The thumb rests naturally on the thumbwheel control dial, which is used to change aperture and shutter speed, and it is easy to shift to the master four-way toggle control to navigate through the menus.
Top-of-camera controls are clustered on the right side, and are almost identical to those on the D5000. The main difference? The D3000 has “Guide” instead of “Scene.” See text.
Absolute beginners can turn the top mode dial to GUIDE, which holds your hands and guides you, via the LCD monitor, through a handful of settings that are designed for specific picture-taking scenarios. Easy Operation lets you choose from Auto, No flash, Distant Subjects, Closeups, Sleeping Faces (that's a confusing name but actually means “child mode”), Landscapes, Portraits and Night Mode. Advanced operation, oddly, only offers three choices: “Soften Backgrounds” (basically, aperture-priority auto mode for those of you who know the lingo) “Freeze Motion (people)” (Shutter priority auto, forces you to choose a shutter speed that will stop action), and “Freeze Motion (vehicles)” (Shutter priority, but forces you to choose an even faster shutter speed.)
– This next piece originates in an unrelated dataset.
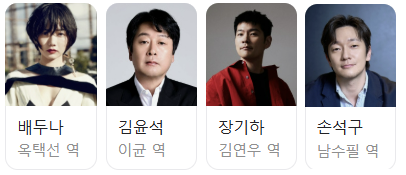 출연진 썸네일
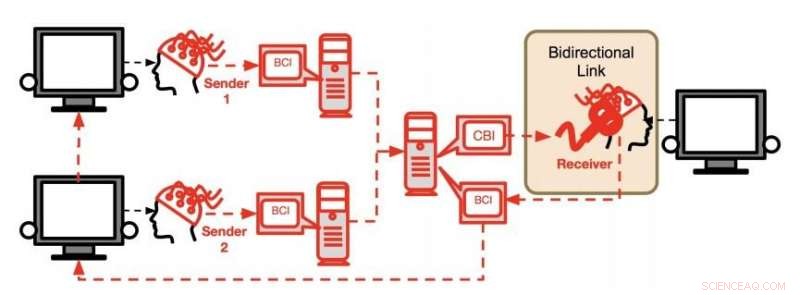 BrainNet Enables Three-Party Brainwave Communication for Collaborative Tetris Gameplay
The main menu dial gives you a lot of camera setting information at a glance, although first-time DSLR users might get information overload.
If you are more advanced, ignore the GUIDE mode and choose from the usual PASM choices and when you select menu you will gain access to a wide variety of image controls, such as white balance, noise reduction on/off, focus mode, metering options, built-in and external flash options, and so on. The GUIDE mode is the most obvious difference between the D3000 and the D5000, which has “SCENE” mode in its place, and this accesses that camera’s 18 or so shooting modes, which the D3000 doesn’t have.
The Retouch menu is identical to the D5000's, offering post-processing in camera to remove Red-Eye, expand the dynamic range, apply various monochrome effects and virtual filters (such as a cross-screen filter) or a very cool but limited selective focus “miniature effect”.
The camera has an image sensor cleaning feature which shakes off dust particles that might accumulate on the sensor during lens changes. I recommend setting it to run every time you turn the camera off. There is an option to run image sensor cleaning whenever you turn the camera on, but this delays picture-taking operation by a second or two.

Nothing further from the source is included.